Thursday, February 19, 2009

Four Mistakes Sales People Make - #4 (Final)


You’ve heard the saying, “we all have a purpose in life” and as I relate that thought to the world of sales, every phone call, every client meeting, every email, (I’m making a point here), every client interaction needs to have a purpose and goal. When we lose sight of that we are making the last of the most common mistakes sales people make. In the my final post in the series, 4 common mistakes sales people make, we’ll talk about how to avoid this costly mistake.

Mistake #4: They lose sight of the goal.
Ask yourself, what is the point of this visit? What do I want to accomplish on this sales call? Am I going to sell something and if so, what is it? Am I trying to get another, more strategic meeting? Is it to show the customer that I can add value as I continue to establish trust and rapport with them? All these questions, should happen well before your phone is in hand or you are in your car en route to see the customer.

Setting your objective
Knowing your objective is the key to all the other steps in the selling process, without it, you are flying blind and you most likely will be wasting your time, your client’s time and odds are, you won’t be walking out with a sale. Once you set your objective, what it is you want to achieve on that sales visit or phone call, everything else will quickly fall into place. With a clear objective, you can begin to think about:

What questions to ask the customer to get them thinking about your objective.
If your objective is to sell a product or service, you can think about what it is about the product/service that your customer would be most interested in and prepare to speak to those features and benefits.
You can think of any objections your customer might raise and prepare for them.
It will enable you to prepare your presentation materials, product samples or any leave behind material.
You can prepare a plan for the next steps that will take place once the client agrees, an education plan, a retail sales plan, a merchandising plan, a ready made promotion around the product.
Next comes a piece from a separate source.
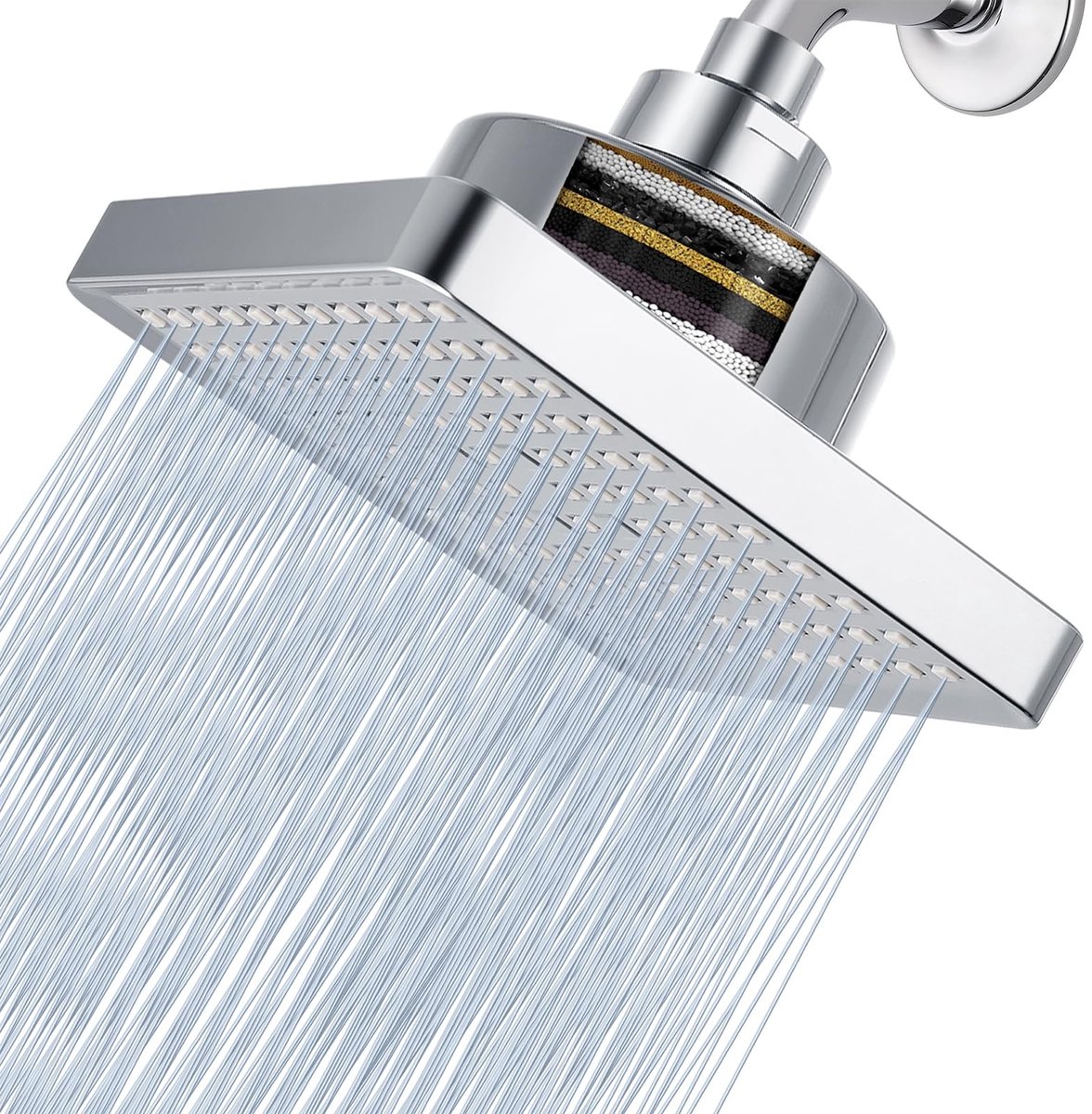 Dailygoods - Cosensi - Dailygoody - Rain Shower Head - Filtered - Hoogdruk - 15cm - Hard W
To me, a successful sales interaction starts and ends with setting and knowing your objective. When I am working with a team in a training environment, I attempt to replicate real life selling conditions as much as possible. We know that, in the real world, selling doesn’t follow a simple path from A to Z and things happen on a sales call to take us off track. That makes having an objective even more important. If we get taken off track, we can get back on.

Another point to remember is, a goal or objective isn’t going to do anything for us unless we ask for the it. A lot of times, we’ll set our objective, prepare and when we get to the moment of truth in the sales call…we don’t come out and ask for it. If you don’t ask for the longer meeting, you won’t get it. If you don’t ask for the sale, it doesn’t happen. Often, with all the questions we’ve asked, presenting the features and benefits, resolving the objections sometimes we think we’ve asked for it – but we haven’t. Go ahead a make sure to close the deal.

If there is one take away from reading this post or working with me in the classroom event, it is to set your objective. It is at the very heart of the process and will lead to success. Good luck!